The guy dressed nice. Had a cute wife (well, she didn't look like Miss Tractor 1948, anyway). He held press conferences. He leapt from his limo to press the flesh with the crowds that lined the streets to cheer him in Washington.
And it all worked. America loved Gorby.
(And when had we ever used a nickname for a Soviet leader? Had we called Nikita Khrushchev "Nikky?" Or Leonid Brezhnev either "Lenny" or "Breezy?")
Employing that most American of all traits, we made him one of us. He made it easy. The Wall Street Journal reported that he liked "Glenn Miller records, good Scotch whiskey, Oriental rugs and American books." He was younger than our own president by six years, and he always seemed to be the one taking the initiative.
By May 1990, a few days before an historic meeting in Washington between Bush and Gorbachev, a national poll showed a startling shift in American public opinion:
After 40 years of seeing the Soviet Union as their chief enemy, Americans now listed Japan, Latin American drug runners and international terrorists as "the greatest threat to U.S. security."
The Soviet Union? Hey, these guys and gals weren't so different from us. They even had a McDonald's!
Tourism boomed. Henry Allen of the Washington Post quoted one American travel agent as saying: "Everything Soviet is suddenly very romantic. Everybody's into it."
And Betty Bumpers, president of Peace Links and wife of U.S. Sen. Dale Bumpers, said: "I don't know whether it's Raisa's influence or the fact that there is a lot more exposure because Americans are everywhere, but the Soviet women are dressing better, their haircuts are better, there is definitely a difference in how they look."
And that is what mattered. Sure there were disturbing stories about unrest in the Soviet Union -- the haircut factor did not
seem to make much difference in the food lines -- but that was only because the Soviets didn't appreciate what they had.
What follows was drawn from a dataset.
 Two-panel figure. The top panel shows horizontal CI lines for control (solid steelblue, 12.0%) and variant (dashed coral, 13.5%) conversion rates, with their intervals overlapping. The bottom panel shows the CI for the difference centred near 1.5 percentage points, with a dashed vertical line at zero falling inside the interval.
They had a star. One who was not only changing the face of his country, but ours. Before the Persian Gulf war, there was even talk in this country of a peace dividend: Taking the money we spent defending ourselves against the Soviet menace and spending it domestically instead. The Soviet menace? The very phrase took on a laughable connotation.
And some remembered the words of Georgy Arbatov, the Soviet Union's top expert on the United States, who had said: "We are going to do something terrible to you -- we will deprive you of your enemy."
Well, we don't have to worry about that any more. The enemies are back. The guys in the lumpy gray suits that look like they last nTC held cement are back. Tanks and armored personnel carriers are in the streets of Moscow. A "Committee of Eight" comprises a "State Commitee for the State of Emergency." Gorbachev is "ill" and confined somewhere in the Soviet Union to "rest."
We thought Gorbachev was the last Russian name we were going to have to learn for a while. Now, all of a sudden, there is a new one: Gennady Yanayev.
Who is he? He is the vice president that Gorby hand-picked from among the hard-liners, insisted on, fought for. "I want somebody beside me I can trust," Gorbachev said.
Bad move, Gorby. How much better off you would have been not just to study American music and hairstyles, but also to study American politics: The first lesson over here is always pick a vice president whom nobody could possibly want as president.
Which reminds me of what worries me most about this crisis: As I watch George Bush hurrying back and forth between Kennebunkport and Washington, giving press conferences here and there, the same thought keeps striking me: How suddenly old he looks. He looks 10 years older than he looked two years ago. His face is deeply lined. He looks tired, gaunt, worn.
So as serious as these current events are, I hope he finds time for some genuine rest in the next few days.
Having the vice president take over in the Soviet Union is a crisis. Having the vice president take over in the United States would be a tragedy.